Pas le budget Ford, mais bien le budget Fedeli

La semaine dernière, le gouvernement Ford a présenté son premier budget. La plupart des analystes s’attendaient à un budget beaucoup plus austère, un budget façonné à la tronçonneuse afin de réduire le déficit provincial. Mais, surprise, on parle plutôt d’un budget rédigé au scalpel. Ce que les analystes n’avaient pas vu venir, c’est le ministre des Finances et député de North Bay, Vic Fedeli.
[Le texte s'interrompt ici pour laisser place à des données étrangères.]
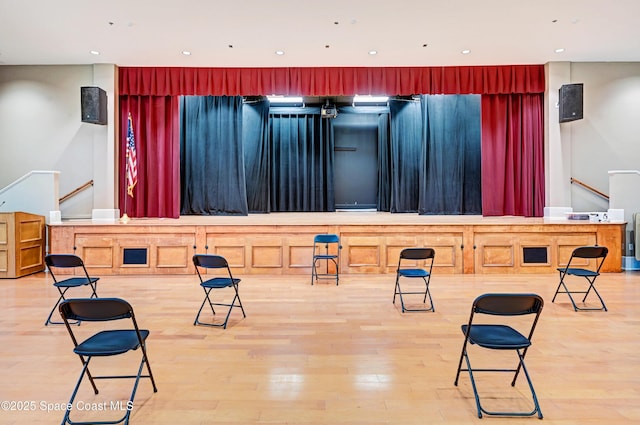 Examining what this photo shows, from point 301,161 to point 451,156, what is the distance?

Les supposés experts en politique et en finances auraient dû se souvenir que Vic Fedeli est devenu millionnaire en créant une compagnie de relations publiques et de markéting. Son premier budget démontre qu’il est très bien capable d’appliquer ces concepts de communications à la politique.

Une photo montrant Doug Ford penchée vers Fedeli dans la législature ontarienne a fait le tour des médias la semaine dernière. Elle illustrait plusieurs articles qui tentaient de prévoir ce que contiendrait le budget. Cette photo est emblématique. Elle montre deux hommes, certains diraient deux conspirateurs, en train de planifier leur coup. J’exagère, bien sûr, mais cette photo démontre bien le contenu et la forme de ce premier budget. On y retrouve la dureté de Ford accouplée au machiavélisme de Fedeli.

Prenons d’abord ce qui est évident. Les conservateurs ne pouvaient pas présenter un budget sans coupures importantes de peur de décevoir leur base de la Ford Nation. On y retrouve donc des réductions de 49 % au budget des affaires autochtones, de 36 % à l’environnement, de 25 % au logement social et, tenez-vous bien vous qui possédez un chalet, de 67 % à la lutte contre les incendies de forêt. Remarquez que les coupures les plus importantes vont droit aux têtes de Turc des adeptes de Ford.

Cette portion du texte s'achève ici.